Audiensi yang berlangsung di gedung dewan itu mengungkap fakta mencemaskan. Di mana perusahaan disebut masih berstatus aktif, namun kewajiban pembayaran gaji justru terabaikan. Situasi ini dinilai semakin memperburuk posisi pekerja yang hingga kini belum mendapat kepastian hak.
Ketua Pengurus Unit Kerja Serikat Pekerja Seluruh Indonesia (PUK SPSI) PT Jaker, Sugeng Martono, menegaskan, kondisi tersebut tidak bisa terus dibiarkan. Ia menyebut, meski perusahaan belum dinyatakan pailit, hak dasar pekerja berupa upah justru tidak dipenuhi.
Dalam konferensi pers di hadapan awak media, Sugeng menjelaskan, terdapat perbedaan durasi tunggakan gaji antara karyawan di daerah dan pusat. Untuk karyawan lokal di Kertosono, gaji belum dibayarkan selama tiga bulan, terhitung sejak Januari hingga Maret 2026.
Sementara itu, kondisi lebih parah dialami karyawan di tingkat pusat.
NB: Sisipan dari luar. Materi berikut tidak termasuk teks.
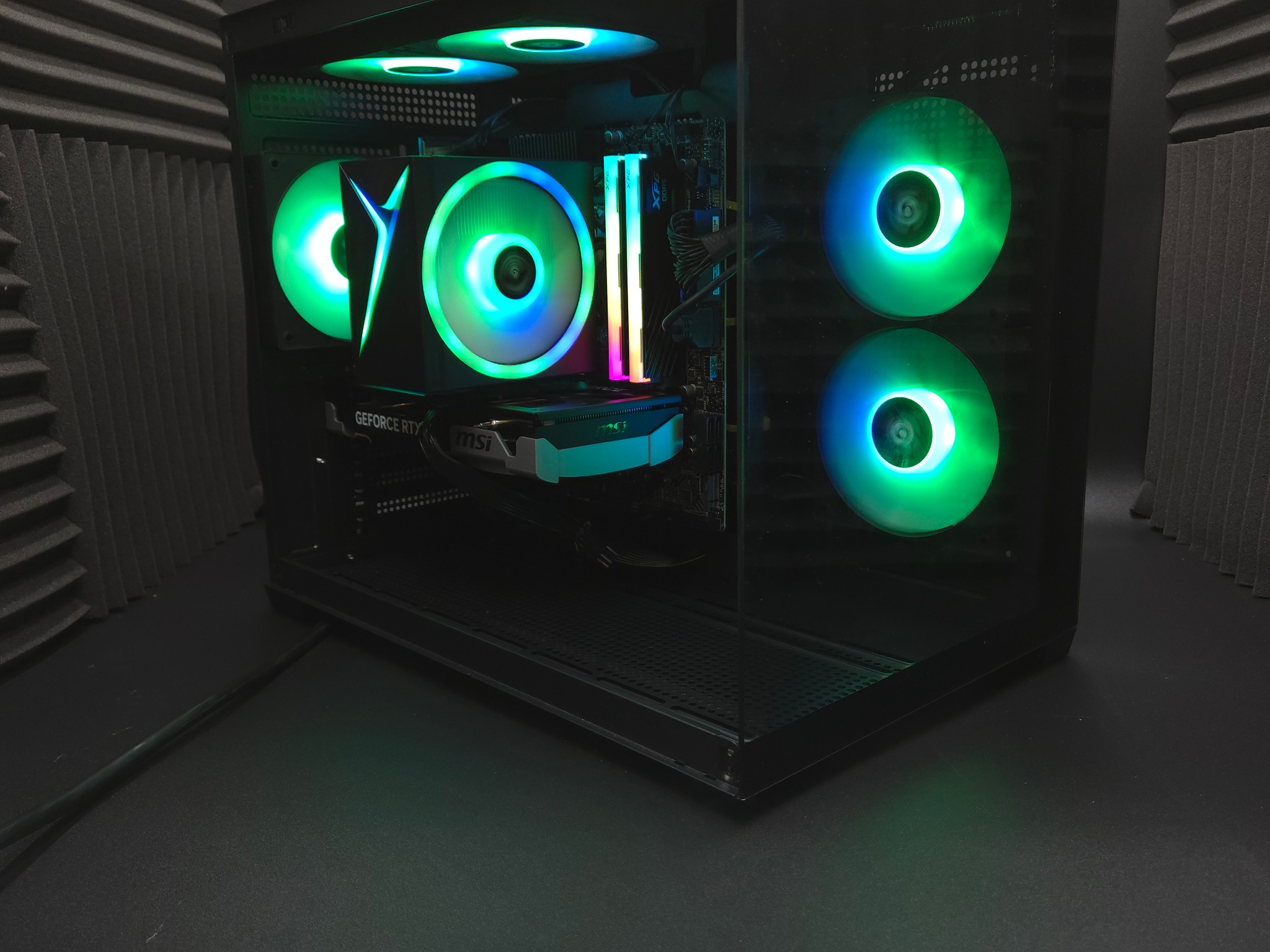 STORMCRAFT Gaming PC SIRIUS Intel Core i7-14700F NVIDIA GeForce RTX 5060 Ti 16GB | 32GB DDR5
Berdasarkan laporan serikat pekerja, upah mereka menunggak hingga tujuh bulan tanpa kejelasan pembayaran.
“Perusahaan ini belum pailit, masih aktif, tapi hak kami seperti diabaikan. Untuk itu kami di sini, gaji dari Januari sampai Maret belum diberikan sama sekali. Bahkan teman-teman di pusat sudah tujuh bulan tidak dibayar,” ujar Sugeng dengan nada kecewa sembari menunjukkan berkas tuntutan.
Ia menambahkan, pihak serikat pekerja sangat menyayangkan sikap manajemen yang dinilai mengulur waktu tanpa memberikan kepastian. Padahal, para buruh tetap menjaga kondusivitas dan tidak melakukan tindakan yang dapat mengganggu operasional.
Melalui audiensi tersebut, para pekerja menyampaikan tuntutan agar pemerintah daerah dan dinas terkait turun tangan secara tegas. Mereka meminta adanya langkah konkret untuk memaksa perusahaan segera melunasi tunggakan upah.
Para karyawan berharap mediasi yang difasilitasi Komisi IV DPRD Nganjuk bersama Dinas Tenaga Kerja dapat menghasilkan jaminan hukum atas hak-hak mereka.
“Kami bekerja dengan keringat, kami hanya meminta apa yang menjadi hak kami untuk menghidupi keluarga. Jangan biarkan kami menggantung tanpa kejelasan,” pungkasnya. (*)
Editor : Rizqi Ardian
What's Your Reaction?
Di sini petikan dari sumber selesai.